The final pitted Spain, a side coached by José Villalonga that included talented players like Iribar, Zoco, Amancio, Pereda, Marcelino and Luis Suárez, against defending champions the Soviet Union, who had won the 1960 edition. The Soviet squad was led by the legendary Lev Yashin (who had won the Ballon d'Or a year earlier). The hosts took the victory, winning 2-1 with goals by Pereda (6’), Khusianov (8') and Marcelino (84’).

  • 1982 World Cup: Italy – West Germany (3-1)

The 1982 FIFA World Cup in Spain was the twelfth edition of the World Cup football competition. This World Cup was very special for a number of reasons. In addition to being the first edition to feature the participation of 24 national teams, it was also the first to include representatives from every continent.
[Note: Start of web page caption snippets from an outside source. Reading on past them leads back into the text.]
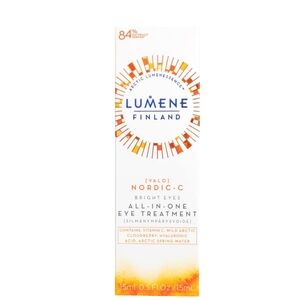 Lumene Finland Valo Nordic-C Bright Eyed All In One Eye Treatment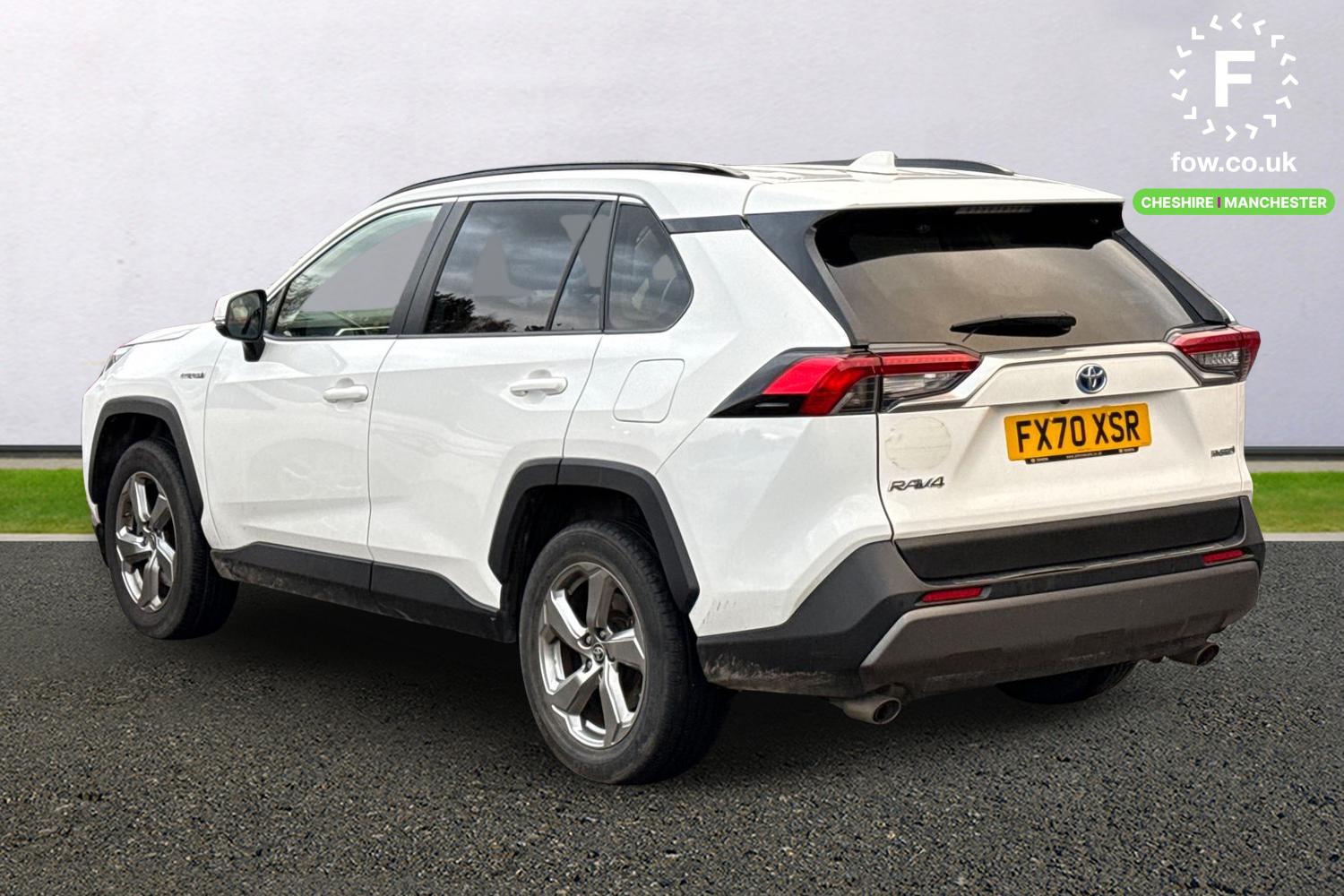 Used Toyota RAV4 2020 for sale - 76662143: Photo 2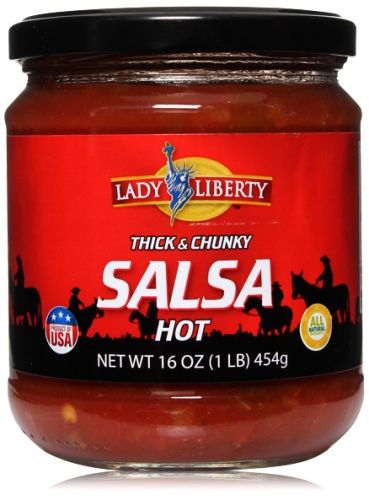 Lady Liberty Thick & Chunky Salsa - Hot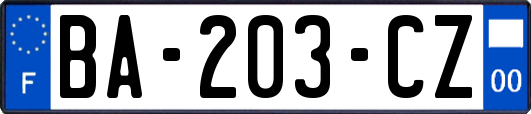 BA-203-CZ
To accommodate them all, the format was changed to one that was only used in this edition, featuring two group stages and a final knockout stage.

The final, on 11 July in Santiago Bernabéu Stadium, was contested between two of the strongest teams of that time, Italy and Germany, which both reached the final with two World Cups under their belts and excellent squads including players like Zoff, Bergomi, Gentile, Conti, Rossi (on the Italian side) and Schumacher, Breitner, Rummenigge, Littbarski and Briegel (on the German side).

The Italians took the title, winning 3-1 with goals by Rossi (57') (top scorer and player of the tournament, who also won the Ballon d'Or that year), Tardelli (69’), Altobelli (81') and Breitner (83’).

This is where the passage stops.